For: iPad   Also on: Android, iPhone

Leave room for dessert

Product: They Need To Be Fed 2 | Developer: Bit Ate Bit | Publisher: Bit Ate Bit | Format: iPad | Genre: Arcade, Platform | Players: 1 | Version: Europe
They Need To Be Fed 2 iPad, thumbnail 1
When you're a kid, your parents will often tell you that you can only have your dessert once you've eaten every last mouthful of your dinner.

Even if it's an enjoyable main course, this can prove to be torture for an impatient young 'un.

In a similar fashion to your mum, the masterchef behind They Need To Be Fed 2 tantalisingly tempts you with a flavourful dessert that packs a considerable kick, only to make you sit down at its table and force a decent meal down your gob first.

We've eaten here before

This is a sequel to the 2010 platformer They Need To Be Fed, and we're not being controversial when we say that this is more of the same. The developer - sorry, chef - even says as much on the game's App Store page.

This means seven colourful worlds of running and jumping around a series of simple geometric shapes, each of which has its own centre of gravity.

Take a running jump off a circular planetoid, and you'll orbit it until gravity pulls you back in.
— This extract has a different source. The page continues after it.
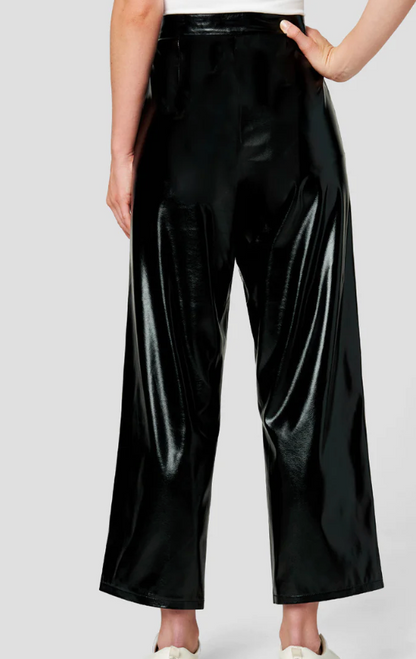 PANTALON CHAROL RIGHT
You'll have seen this mechanic employed in a number of other iOS games, but it's still great fun to pull this manoeuvre off.

Unfortunately, the virtual direction controls in They Need To Be Fed 2 are never quite instinctive enough. There are separate virtual keys for moving clockwise and anti-clockwise that are just fine when properly oriented, sure.
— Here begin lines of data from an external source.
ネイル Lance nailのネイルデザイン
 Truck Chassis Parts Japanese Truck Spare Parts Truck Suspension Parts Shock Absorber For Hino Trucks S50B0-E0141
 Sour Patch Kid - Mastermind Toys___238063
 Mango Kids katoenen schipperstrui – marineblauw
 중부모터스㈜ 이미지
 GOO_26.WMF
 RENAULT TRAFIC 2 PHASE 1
But when they're flipped upside down, you can expect to experience a number of needless deaths as your brain fails to make the requisite split-second adjustment.

Fed up

Another issue here is that the gameplay is extremely similar to the first title, especially early on. Familiar elements such as rotating platforms and hazardous spikes make repeat appearances, alongside lasers and speed-boosting chilli plants.

They Need To Be Fed 2 is an entertaining 2D platformer, but it's one we've seen before. Even the graphics are pretty much identical to the first game (though, admittedly, they are still lovely to behold).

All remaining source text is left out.